I have been hearing a lot of interest from my clients lately about stretched vSphere clusters. I can certainly see the appeal from a simplicity standpoint. At least on the surface. Let’s take a look at the perceived benefits, risks, and the reality of stretched vSphere clusters today.
First, let’s define what I mean by a stretched vSphere cluster. I am talking about a vSphere (HA / DRS) cluster where some hosts exist in one physical datacenter and some hosts exist in another physical datacenter. These datacenters can be geographically separated or even on the same campus. Some of the challenges will be the same regardless of the geographic location.
To keep things simple, let’s look at a scenario where the cluster is stretched across two different datacenters on the same campus. This is a scenario that I see attempted quite often.
This cluster is stretched across two datacenters. For this example let’s assume that each datacenter has an IP-based storage array that is accessible to all the hosts in the cluster and the link between the two datacenters is Layer 2. This means that all of the hosts in the cluster are Layer 2 adjacent. At first glance, this configuration may be desirable because of its perceived elegance and simplicity. Let’s take a look at the perceived functionality.
- If either datacenter has a failure, the VM’s should be restarted on the other datacenter’s hosts via High Availability (HA).

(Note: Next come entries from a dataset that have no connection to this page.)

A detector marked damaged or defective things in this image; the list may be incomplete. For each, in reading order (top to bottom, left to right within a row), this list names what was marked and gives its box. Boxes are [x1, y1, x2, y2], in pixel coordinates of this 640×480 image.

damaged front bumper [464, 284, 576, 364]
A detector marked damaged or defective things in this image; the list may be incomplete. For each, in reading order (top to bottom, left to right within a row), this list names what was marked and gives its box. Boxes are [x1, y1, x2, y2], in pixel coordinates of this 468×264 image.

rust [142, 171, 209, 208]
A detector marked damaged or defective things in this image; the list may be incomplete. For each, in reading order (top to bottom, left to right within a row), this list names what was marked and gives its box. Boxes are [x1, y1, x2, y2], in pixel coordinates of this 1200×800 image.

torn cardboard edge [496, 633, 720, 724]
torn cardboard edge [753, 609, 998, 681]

- No need for manual intervention or something like Site Recovery Manager
Unfortunately, perceived functionality and actual functionality differ in this scenario. Let’s take a look at an HA failover scenario from a storage perspective first.

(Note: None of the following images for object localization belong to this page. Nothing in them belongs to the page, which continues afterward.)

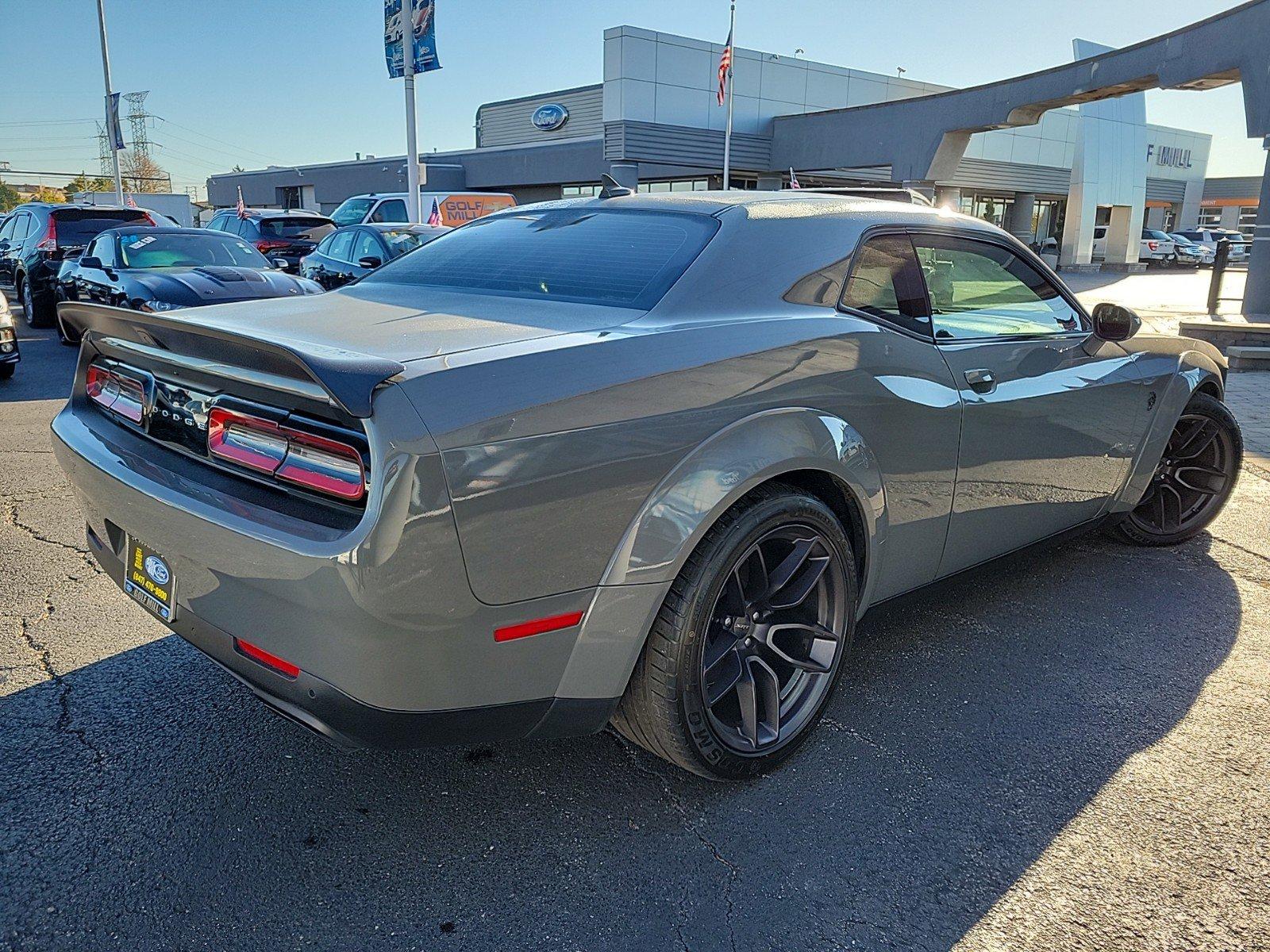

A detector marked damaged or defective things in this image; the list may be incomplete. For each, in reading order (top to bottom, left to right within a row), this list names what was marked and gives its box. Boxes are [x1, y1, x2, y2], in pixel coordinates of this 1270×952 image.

crack in pavement [610, 736, 741, 952]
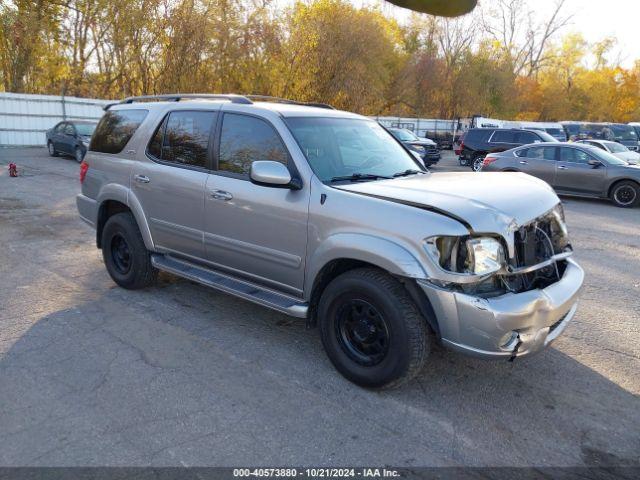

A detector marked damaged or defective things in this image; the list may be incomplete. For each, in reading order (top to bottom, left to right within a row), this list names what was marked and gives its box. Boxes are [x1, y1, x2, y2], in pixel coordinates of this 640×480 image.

broken headlight [422, 235, 508, 276]
exposed headlight assembly [422, 236, 508, 278]
damaged front end [418, 205, 584, 360]
crushed front bumper [418, 260, 584, 358]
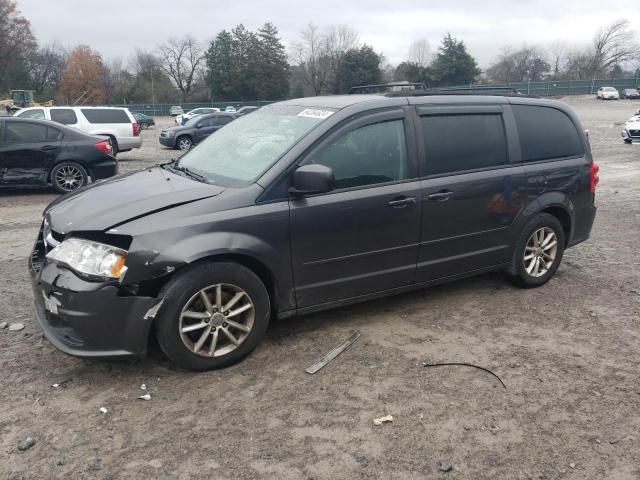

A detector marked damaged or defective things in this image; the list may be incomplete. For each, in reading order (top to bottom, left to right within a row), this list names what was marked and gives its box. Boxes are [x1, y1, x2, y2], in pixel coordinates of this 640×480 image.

- If virtual machines failed over from hosts in one datacenter to hosts in another datacenter, the storage will still be accessed from the originating datacenter.

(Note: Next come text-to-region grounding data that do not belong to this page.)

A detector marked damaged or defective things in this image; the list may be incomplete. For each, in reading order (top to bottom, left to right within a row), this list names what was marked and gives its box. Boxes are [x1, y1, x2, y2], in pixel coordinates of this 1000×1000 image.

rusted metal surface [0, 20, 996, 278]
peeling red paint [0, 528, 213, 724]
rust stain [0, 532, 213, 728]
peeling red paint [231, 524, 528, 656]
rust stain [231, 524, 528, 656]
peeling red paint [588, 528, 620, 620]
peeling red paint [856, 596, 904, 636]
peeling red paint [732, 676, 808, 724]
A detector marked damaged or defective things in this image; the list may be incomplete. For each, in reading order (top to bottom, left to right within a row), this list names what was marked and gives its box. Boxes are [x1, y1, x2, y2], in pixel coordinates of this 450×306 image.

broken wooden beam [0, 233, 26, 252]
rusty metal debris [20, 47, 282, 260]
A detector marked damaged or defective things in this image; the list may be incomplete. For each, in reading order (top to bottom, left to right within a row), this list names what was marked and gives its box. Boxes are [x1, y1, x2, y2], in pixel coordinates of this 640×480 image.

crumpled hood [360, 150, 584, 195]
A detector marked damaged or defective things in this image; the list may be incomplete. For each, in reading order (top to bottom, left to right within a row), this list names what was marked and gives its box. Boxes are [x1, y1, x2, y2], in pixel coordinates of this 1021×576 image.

- This will cause storage that is not local to the datacenter to be accessed by hosts that are local to the datacenter as shown in the diagram below.
This situation is not ideal in most cases. Especially if the datacenter is completely isolated. Then the storage cannot be accessed anyway. Let’s take a look at what happens when one datacenter loses communication with the other datacenter, but not with the datacenter’s local hosts. This is depicted in the diagram below.
- Prior to vSphere 5.0, if the link between the datacenters went down or some other communication disruption happened at this location in the network, each set of hosts would think that the others were down. This is a problem because each datacenter would attempt to bring the other datacenter’s virtual machines up. This is known as a split-brain scenario.
- As of vSphere 5.0, each datacenter would create its own Network Partition from an HA perspective and proceed to operate as two independent clusters (although with some limitations) until connectivity was restored between the datacenters.
- However, this scenario is still not ideal due to the storage access.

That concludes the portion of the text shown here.